ROIs and segmentation

ROIs and segmentation

Why necessary and why annoying?

  • As scientists we need to talk about specific spatial things
  • It takes a lot of time, potentially (manual vs. automated)
  • It is subjective (if manual)
  • It can really change analysis outcomes
  • De-identification of people's faces is important
  • To reduce multiple comparisons, if you have a priori hypotheses, that is useful and so you need to implement these hypotheses
  • The brain consists of multiple tissue types/stuff, so we obviously need to accurately select the part of the data we care about
  • Issue: criterion for success is currently not objective and subjective (and therefore somewhat of an "art"/"craft"). Eyeballs are important. Expertise is important.
  • If a newbie is doing manual segmentation, they might get it completely wrong?!! (So there is a risk of making things even worse!) Can even happen for non-newbies.

Issues/gripes/challenges:

  • Takes forever
  • Not clear how to interpret noisy functional measures
  • Risk of people suspecting you doing something dirty
  • People disagreeing on what is right
  • This is thankless work, unfortunately. (So, choose your battles.)

ROI formats:

  • Binary values (0 means not in, 1 means in)
  • Integer values (1–N indicate N different regions)
  • Volumes are a lot more straightforward (just a 3D grid); surfaces are a lot harder and generally clunkier to work with.
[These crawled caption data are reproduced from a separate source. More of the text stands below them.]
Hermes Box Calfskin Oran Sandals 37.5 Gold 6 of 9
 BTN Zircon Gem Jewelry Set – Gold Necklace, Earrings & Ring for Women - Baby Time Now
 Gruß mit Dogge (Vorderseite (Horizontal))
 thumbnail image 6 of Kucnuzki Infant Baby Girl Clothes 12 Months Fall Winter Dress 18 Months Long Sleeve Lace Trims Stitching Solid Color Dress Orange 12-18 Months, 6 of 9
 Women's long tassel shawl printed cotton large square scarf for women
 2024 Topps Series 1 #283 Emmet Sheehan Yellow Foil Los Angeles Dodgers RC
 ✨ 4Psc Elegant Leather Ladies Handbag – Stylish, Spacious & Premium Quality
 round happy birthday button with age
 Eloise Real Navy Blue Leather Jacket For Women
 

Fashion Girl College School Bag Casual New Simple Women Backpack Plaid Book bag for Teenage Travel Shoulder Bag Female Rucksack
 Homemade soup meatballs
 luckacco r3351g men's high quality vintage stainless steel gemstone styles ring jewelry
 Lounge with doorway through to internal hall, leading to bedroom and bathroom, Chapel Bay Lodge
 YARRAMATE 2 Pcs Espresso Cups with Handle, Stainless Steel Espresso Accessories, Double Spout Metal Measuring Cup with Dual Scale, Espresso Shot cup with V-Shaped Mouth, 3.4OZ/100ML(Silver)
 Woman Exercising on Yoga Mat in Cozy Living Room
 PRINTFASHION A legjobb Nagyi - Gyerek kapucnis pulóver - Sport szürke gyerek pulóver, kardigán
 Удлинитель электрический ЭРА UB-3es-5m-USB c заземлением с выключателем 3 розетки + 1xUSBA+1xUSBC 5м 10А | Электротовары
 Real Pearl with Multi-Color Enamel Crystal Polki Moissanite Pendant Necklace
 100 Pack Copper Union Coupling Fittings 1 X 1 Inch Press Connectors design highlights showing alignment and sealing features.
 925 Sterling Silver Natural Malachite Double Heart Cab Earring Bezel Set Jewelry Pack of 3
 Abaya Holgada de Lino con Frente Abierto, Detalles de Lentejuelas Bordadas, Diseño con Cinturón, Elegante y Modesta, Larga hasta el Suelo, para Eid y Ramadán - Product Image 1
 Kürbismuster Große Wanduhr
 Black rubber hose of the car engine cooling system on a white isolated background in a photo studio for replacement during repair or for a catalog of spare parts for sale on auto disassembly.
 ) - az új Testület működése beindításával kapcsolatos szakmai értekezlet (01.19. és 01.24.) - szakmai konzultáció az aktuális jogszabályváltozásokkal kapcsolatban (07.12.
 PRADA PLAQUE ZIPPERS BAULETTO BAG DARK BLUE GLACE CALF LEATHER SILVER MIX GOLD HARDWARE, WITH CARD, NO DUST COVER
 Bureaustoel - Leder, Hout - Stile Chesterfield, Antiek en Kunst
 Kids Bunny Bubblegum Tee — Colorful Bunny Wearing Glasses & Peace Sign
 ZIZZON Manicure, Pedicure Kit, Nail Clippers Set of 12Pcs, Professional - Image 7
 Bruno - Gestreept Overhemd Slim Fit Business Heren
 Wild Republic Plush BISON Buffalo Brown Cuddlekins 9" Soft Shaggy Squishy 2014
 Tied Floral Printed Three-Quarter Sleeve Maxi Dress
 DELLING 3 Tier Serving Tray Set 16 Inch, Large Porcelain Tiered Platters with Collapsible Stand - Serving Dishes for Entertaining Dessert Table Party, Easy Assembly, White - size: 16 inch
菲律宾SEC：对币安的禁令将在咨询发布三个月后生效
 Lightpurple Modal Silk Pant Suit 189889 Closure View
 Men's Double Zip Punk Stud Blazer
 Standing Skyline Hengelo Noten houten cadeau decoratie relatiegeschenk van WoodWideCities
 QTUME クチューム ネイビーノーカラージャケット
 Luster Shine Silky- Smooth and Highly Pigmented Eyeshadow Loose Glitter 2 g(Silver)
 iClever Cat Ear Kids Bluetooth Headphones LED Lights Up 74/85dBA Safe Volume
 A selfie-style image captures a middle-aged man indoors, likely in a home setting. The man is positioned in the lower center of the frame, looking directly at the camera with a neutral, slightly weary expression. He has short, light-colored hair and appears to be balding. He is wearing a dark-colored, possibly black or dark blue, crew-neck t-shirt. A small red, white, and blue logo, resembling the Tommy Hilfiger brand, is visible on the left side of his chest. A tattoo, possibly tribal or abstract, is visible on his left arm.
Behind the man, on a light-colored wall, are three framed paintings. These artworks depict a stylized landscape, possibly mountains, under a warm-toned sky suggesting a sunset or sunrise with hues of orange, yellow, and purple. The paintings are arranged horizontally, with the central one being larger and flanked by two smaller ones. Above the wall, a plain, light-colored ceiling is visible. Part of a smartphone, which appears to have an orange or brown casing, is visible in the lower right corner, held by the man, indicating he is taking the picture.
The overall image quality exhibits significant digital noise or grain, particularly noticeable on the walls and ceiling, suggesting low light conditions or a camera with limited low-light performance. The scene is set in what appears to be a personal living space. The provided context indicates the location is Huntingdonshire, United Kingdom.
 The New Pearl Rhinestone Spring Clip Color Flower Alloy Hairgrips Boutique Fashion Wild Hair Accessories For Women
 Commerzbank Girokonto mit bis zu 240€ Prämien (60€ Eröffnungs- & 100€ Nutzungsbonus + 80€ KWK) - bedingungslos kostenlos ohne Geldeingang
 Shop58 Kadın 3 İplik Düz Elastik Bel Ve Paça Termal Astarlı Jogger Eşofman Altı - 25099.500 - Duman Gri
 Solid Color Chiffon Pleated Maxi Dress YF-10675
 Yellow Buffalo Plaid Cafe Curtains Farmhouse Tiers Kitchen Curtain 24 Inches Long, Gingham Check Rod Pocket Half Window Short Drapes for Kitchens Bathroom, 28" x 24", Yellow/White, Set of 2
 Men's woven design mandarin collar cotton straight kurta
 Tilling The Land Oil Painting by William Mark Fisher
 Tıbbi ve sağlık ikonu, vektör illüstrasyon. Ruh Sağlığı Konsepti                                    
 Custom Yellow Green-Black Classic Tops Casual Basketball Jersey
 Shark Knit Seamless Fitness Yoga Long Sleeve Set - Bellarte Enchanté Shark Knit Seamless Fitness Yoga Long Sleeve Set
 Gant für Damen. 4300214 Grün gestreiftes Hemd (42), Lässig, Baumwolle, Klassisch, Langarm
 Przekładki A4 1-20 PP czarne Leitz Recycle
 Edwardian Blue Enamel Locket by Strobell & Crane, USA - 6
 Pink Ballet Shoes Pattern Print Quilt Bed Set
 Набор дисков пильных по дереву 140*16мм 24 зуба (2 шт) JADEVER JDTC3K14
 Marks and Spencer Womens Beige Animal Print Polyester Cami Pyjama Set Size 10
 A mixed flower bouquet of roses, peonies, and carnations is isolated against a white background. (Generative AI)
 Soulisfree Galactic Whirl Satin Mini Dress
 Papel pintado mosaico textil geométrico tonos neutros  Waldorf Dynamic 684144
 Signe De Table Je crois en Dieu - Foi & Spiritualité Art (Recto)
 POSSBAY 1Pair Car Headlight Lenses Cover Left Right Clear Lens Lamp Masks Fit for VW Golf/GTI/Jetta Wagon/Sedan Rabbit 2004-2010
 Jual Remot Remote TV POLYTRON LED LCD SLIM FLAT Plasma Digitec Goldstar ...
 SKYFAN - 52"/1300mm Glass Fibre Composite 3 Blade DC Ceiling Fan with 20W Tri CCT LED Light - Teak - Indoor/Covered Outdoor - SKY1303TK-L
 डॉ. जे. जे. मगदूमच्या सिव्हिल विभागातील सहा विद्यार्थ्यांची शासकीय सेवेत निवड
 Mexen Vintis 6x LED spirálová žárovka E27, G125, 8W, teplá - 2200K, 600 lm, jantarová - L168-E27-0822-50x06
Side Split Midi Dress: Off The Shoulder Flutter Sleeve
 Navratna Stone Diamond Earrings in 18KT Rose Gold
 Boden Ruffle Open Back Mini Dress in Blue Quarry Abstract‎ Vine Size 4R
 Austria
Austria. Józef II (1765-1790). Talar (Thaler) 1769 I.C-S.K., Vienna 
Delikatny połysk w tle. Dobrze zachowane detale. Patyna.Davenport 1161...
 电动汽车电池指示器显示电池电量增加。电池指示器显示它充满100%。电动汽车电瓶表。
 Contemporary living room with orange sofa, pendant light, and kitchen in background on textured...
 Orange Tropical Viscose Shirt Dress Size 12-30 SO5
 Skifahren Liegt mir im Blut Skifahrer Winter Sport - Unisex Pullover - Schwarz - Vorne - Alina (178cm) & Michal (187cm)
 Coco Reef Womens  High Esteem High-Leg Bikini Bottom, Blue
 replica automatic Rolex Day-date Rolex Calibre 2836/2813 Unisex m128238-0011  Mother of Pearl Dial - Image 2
General "tools" and "methods" for dealing with ROIs:

  • Manually clicking voxels (e.g. for volume data) [e.g. ITK-SNAP, freeview, FSLeyes, mricron, BrainVoyager, etc.].
  • Using a brush size (many voxels at once)
  • Filling polygon shapes
  • Selective drawing (only modify specific voxels)
  • Adaptive brushing ("magic wand")
  • Click and automatically determine all "connected" voxels
  • Post-ROI 'morphological' operations: dilate, erode, union, intersection, smoothing, and other arithmetic operations
  • Experts will know how to interplay manual clicking and automatic morphological operations
  • Trackpad vs. mouse vs. tablets
  • Thresholding operations (e.g. value > 10)
  • Magical smoothing/filtering/operations to "clean up" the data prior to you clicking on it
  • Adjust the contrast/intensity for the specific part of the volume that you are staring at
  • Make sure to look at ALL 3 views to really understand the geometry of the structure. If your current slice is almost parallel to the structure, the visual may look weird.
  • Check your work. The eyeballs are always right.


Various types (scenarios):

  • T1 segmentation (e.g. for surfaces)
  • Defining a brain region from functional data
  • Anatomical segmentation, e.g. vessels
  • Atlas parcellations can deliver you ROIs
  • Identification of subcortical areas from anatomy (REALLY HARD)
  • Brain extraction from T1s (getting rid of face / skull)
  • Quick-and-dirty 3D ellipse to define on a volume


Principles/ideas that guide how you proceed:

  • Partial voluming - your single voxels might mix two different tissue types, due to limited resolution
  • Thermal noise - the data may be noisy
  • Bias field - there may be low-frequency changes in intensity across the volume.
  • One strategy is to correct the bias field before segmenting...
  • For functional data, consider looking both with and without thresholding
  • Be careful of 'kissing' gray matter (nearby in 3D space might be far away in cortical space)
  • Listen to podcasts while you do boring labor.